Tebbs had told the court how he ultimately dialled 999, but this was only done at 10am the following morning after he had dragged her body to the bathroom to undress and wash her.

In the hours after the murder Tebbs researched Oscar Wilde poetry and how to write a will online, before withdrawing cash and emailing his sister with the line: ‘I stabbed her’.

On July 1 he contacted police when he handed them a five-page statement. He was charged with murder the following day.

Tributes flooded in for Ms Dixon, with colleagues describing her as the ‘best manager they ever had’.

The council figurehead was responsible for some of the biggest projects focusing on helping vulnerable people in Islington, including underprivileged children.

Tebbs, of Finsbury Park, north London, was convicted of murder.

He had admitted manslaughter on the grounds of diminished responsibility.

Sentencing Tebbs to life imprisonment and ordering he serve at least 19 years, Judge McCreath said: ‘Kate Dixon, of whom we have heard much during this trial and of whom we have heard more from the moving statement read to the court this morning, was a good, kind and much loved woman.

‘The evidence I have heard makes it plain that even from the time she tried to end her relationship with you, a combination of that kindness, her affection for you and the domination you exercised over her made it impossible for her to do so.

‘The evidence also shows that whilst you are, as I recognise, a man of virtues, you are also a man who needs to be in control of those you are close to and you are a man with quick temper.’
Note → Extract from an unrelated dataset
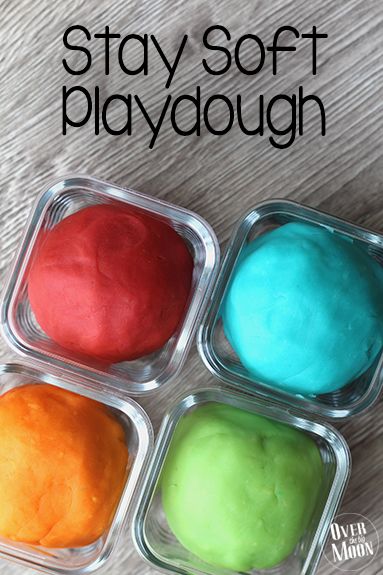 four different colored play doughs in plastic containers on a table with text overlay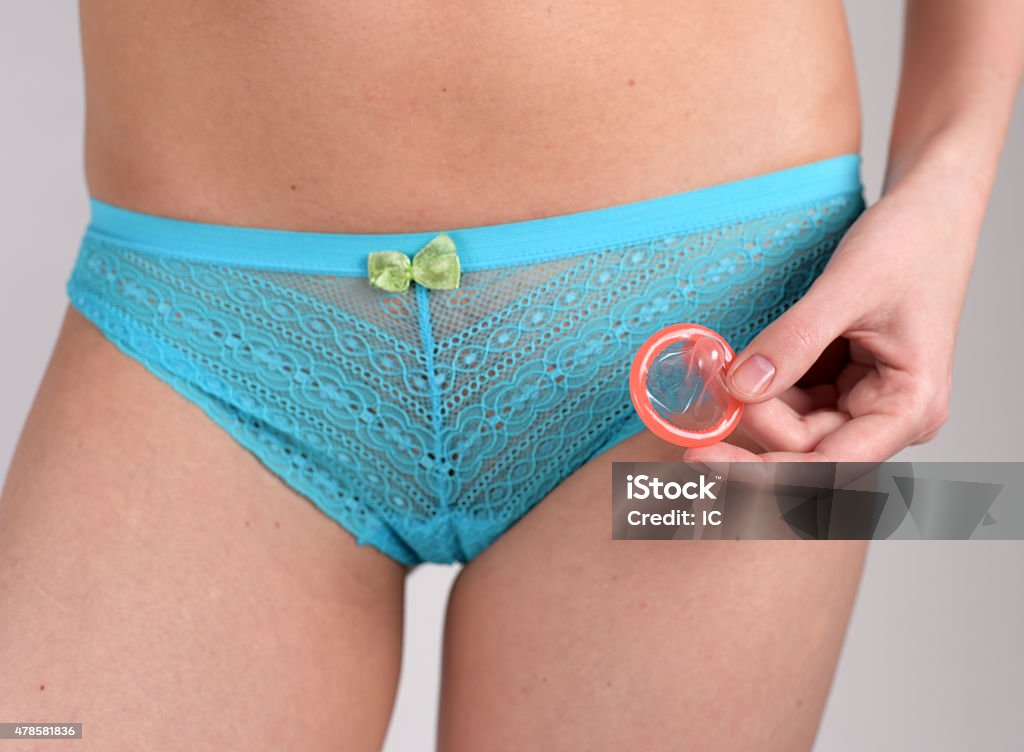 Safe Sex - Young woman in underwear holding condom Young woman in blue underwear is holding condom - Safe sex Underwear Stock Photo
The judge said the break-up ‘cannot have come to you as a bolt out of the blue’.

‘Everything she said to you that night she had already told you or tried to on the previous Monday night. You stabbed her many, many times.

‘She tried her best to defend herself against the brutal attack and–on your own account–begged you to stop. I accept that this was not premeditated.

‘The fact remains that this was a ferocious attack on a defenceless, vulnerable woman, a woman much smaller than you and in her own home, with a knife.

‘Your reaction was not to seek any sort of help but instead you cleared up the scene of this dreadful event and manufactured a false account of what had happened.

‘You will remain in prison for a minimum term which I must now set. The sentence on you is imprisonment for life, with a minimum term of 20 years, less the time you have spend in custody on remand.’

Tebbs stared down at the floor as he was sentenced while grieving relatives and friends looked on.

Detective Inspector Louise Knipe, of the Met’s Homicide and Major Crime Command, said: ‘What was clear to us throughout this investigation was that Kate Dixon had finally summoned the courage she needed to leave Tebbs.

‘However he was of the mindset that if he couldn’t have her, no one else would. He wouldn’t allow her to leave and he made sure of that by brutally stabbing her to death.

‘Tebbs’s behavior was not as a result, as he tried to portray in court, loss of control at suddenly finding out about the new person Miss Dixon had met.

‘He knew about this in the week before he killed her and after he did, he was clear-headed. He scrubbed the flat, he was organised and he was putting his house in order. I’m pleased the jury rejected his claims today and convicted him of murder.’